The Sony Xperia Z1 is the latest flagship smartphone from the Japanese tech giant. It will be released later this autumn on a variety of high-end tariffs, and at £599 off-contract.
- 5-inch 1080P screen
- Quad-core 2.2 GHz processor
- Android 4.2.2
- Water resistant
- 20.7-megapixel camera
- 16GB of internal storage (with microSD slot)
- 3,000 mAh battery
"The elegant, 5" Xperia Z1 is the latest addition to Sony's premium Z series of products and brings Sony's proven world-class technologies to the smartphone like never before - including the very best of Sony's camera expertise."
Ever since it took sole control of its smartphone division in 2012, Sony has pitched its Xperia phones as 'the best of Sony in one device'.
The idea is to combine the screens from its Bravia TVs, the optics from its vast range of cameras, the high-end computer design of its Vaio laptops and the entertainment content of its music, film and gaming divisions into one small package.
(Oh, and the waterproofing of its wetsuit business (which may or may not exist).)
It's a big task - and arguably it's still a pitch that resonates more with Sony executives than consumers. But with the previous generation flagship (the Xperia Z) it was difficult to argue that Sony wasn't getting close.
Now it's back with a new premium smartphone - the Xperia Z1. So is it any closer to fulfilling that promise than it was six months ago?
In one sense, clearly yes. The Z1 takes the same essential DNA of the Z - a high-end processor, hi-res screen, waterproof design and subtly altered Android OS - and augments it with iterative, but important hardware upgrades.

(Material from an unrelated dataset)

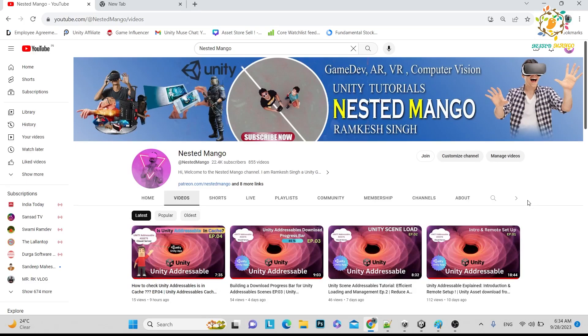Hello everyone, welcome back to my channel guys. I am Ramkesh Singh, Unity game developer, YouTuber and vlogger.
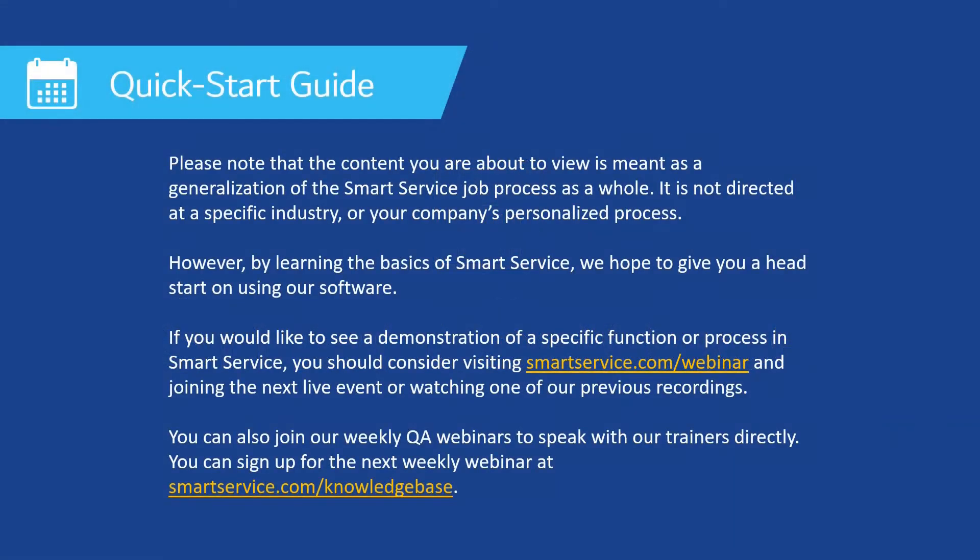Hi, this is Nori with MyServiceDepot. Please note that the content you're about to view is meant as a generalization of the SmartService job process as a whole. It's not directed at any specific industry or your company's personalized process.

The Z1 is powered by a Qualcomm Snapdragon 800 - up from an S4 - with a 2.2 GHz CPU (again, upgraded from 1.5 GHz). The phone has what appears to be an identical five-inch, 1920x1080 pixels screen, but ups the battery life. The camera is also upgraded from a 13-megapixel in the Z1 to a 20.7 megapixels version, with a bigger 1/2.3 inch sensor.

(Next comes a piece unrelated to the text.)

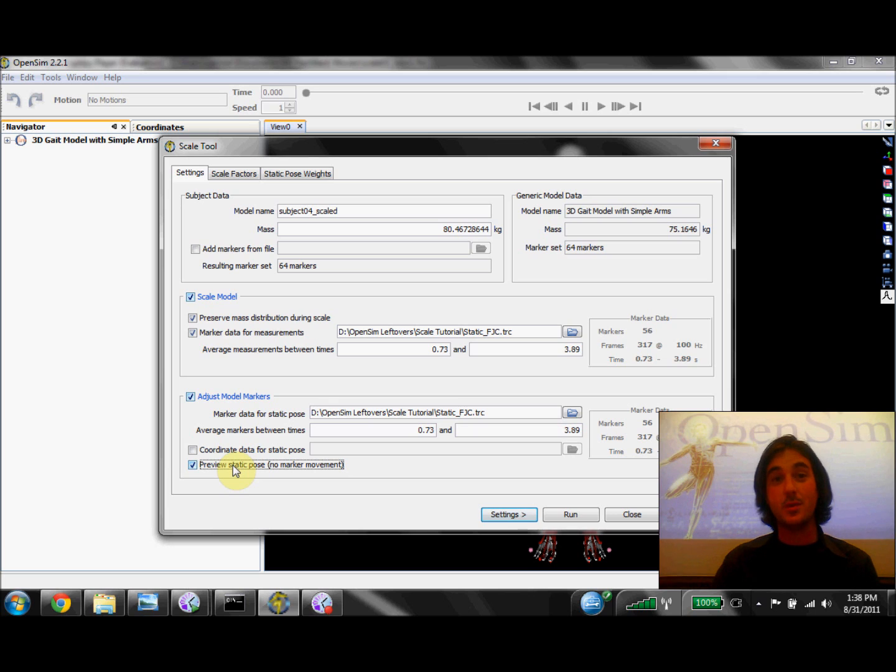And to see what that looks like, check out our next video where I'll explain how to visualize and evaluate results when using the Scale tool.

It's in hardware design that the Z1 really ups the stakes, however. The Xperia Z was a dark, bold slab of a phone, and the Z1 takes those cues and makes some vital upgrades. The plasticy flaps which kept the Z waterproof, but had a tendency to loosen, flop out and break, are replaced with metal slots that fit much more convincingly into the sides. The headphone jack is now open - and still waterproof - meaning you won't fiddle with it everytime you want to listen to something. The speakers are much bigger and more effective, and there are no annoying gaps for dust and fluff to get stuck inside, again unlike the Z1. The dedicated shutter button is useful, too. Yes, unless you have a dock you're still going to have to mess around with the charging slot every night before bed - but that's a minor annoyance.
In software terms, Sony is still managing to punch above its weight. The version of Android it's running - 4.2.2 - isn't the latest from Google, but it's close. And the additions Sony makes - allowing you to group apps into folders on the apps tray, and the genuinely good Stamina battery mode - are decent and well thought-out. If you're ready to embrace its Walkman and photos apps, you'll also find them useful and well-designed.

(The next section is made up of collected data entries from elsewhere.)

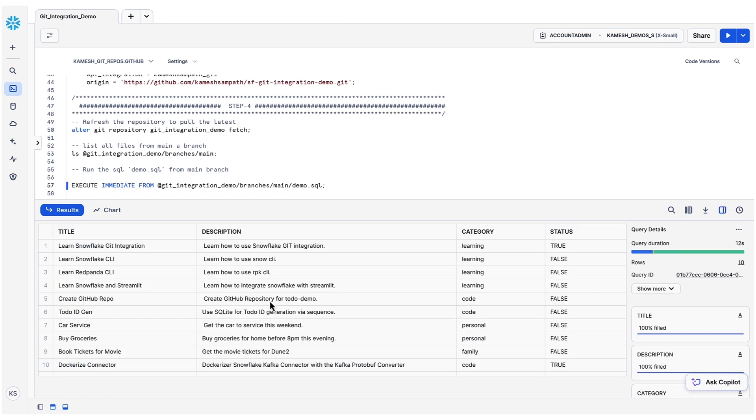The script creates a table named todos, loads the todos.csv file onto it, and finally runs the select on the table. Git integrations for your data workflows. Nailed it! Few simple steps and you're all set.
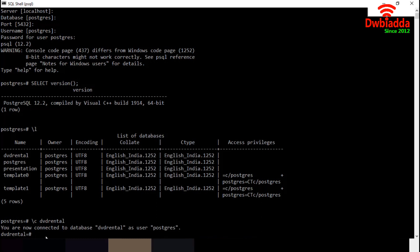Let's clear the screen. To clear the screen, we have to use backslash, then exclamatory symbol, then space CLS.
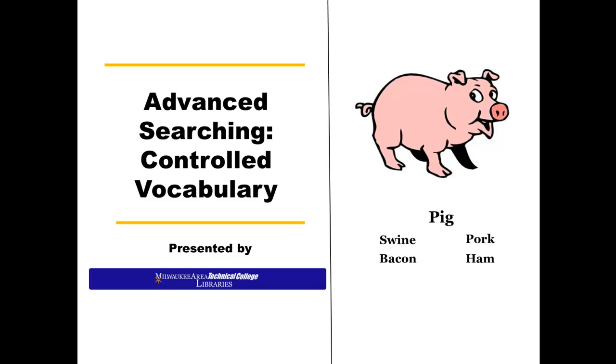Natural language, the way people usually talk and write, has an extensive range, meaning that there are many ways to say the same thing.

There are a couple of areas in which the Z1 doesn't quite live up to expectations, unfortunately. The screen, while technically a very impressive 441 pixels-per-inch panel, suffers from poor viewing angles, and despite the 'Triluminos' tech powering the visuals it's just not that impressive except when viewing it directly head-on. The phone also gets quite hot if you're playing an intense game, or otherwise taxing the processor.
Similarly, while the camera is technically impressive - it's fast to focus and shoot, handles most situations well in 'Superior Auto' mode and has some fun (if shallow) augmented reality features (new to the Z1) - the results aren't always as stunning as you'd hope when compared to Nokia's best cameras - and even the new iPhone - especially in low-light conditions. It's also worth noting that the camera defaults to 8-megapixels, rather than the full 20.7, so you'll have to mess with the settings to get the most out of it.
Out overall impression is that the Xperia Z1 is a very good high-end smartphone, with just a few remaining soft edges. It has a top-of-the-line processor, a good camera, interacts neatly with Sony's range of accessories and has a stark, attractive design that (personally) we find pretty baddass. It's a big upgrade over the Xperia Z, and points to a strong future for the Xperia line. But with all that in mind, the phone still doesn't quite do enough to pull away from the rest of the Android pack - and with better options for photography, music and screen quality around, you'll have to decide for yourself if the 'Best of Sony' is good enough.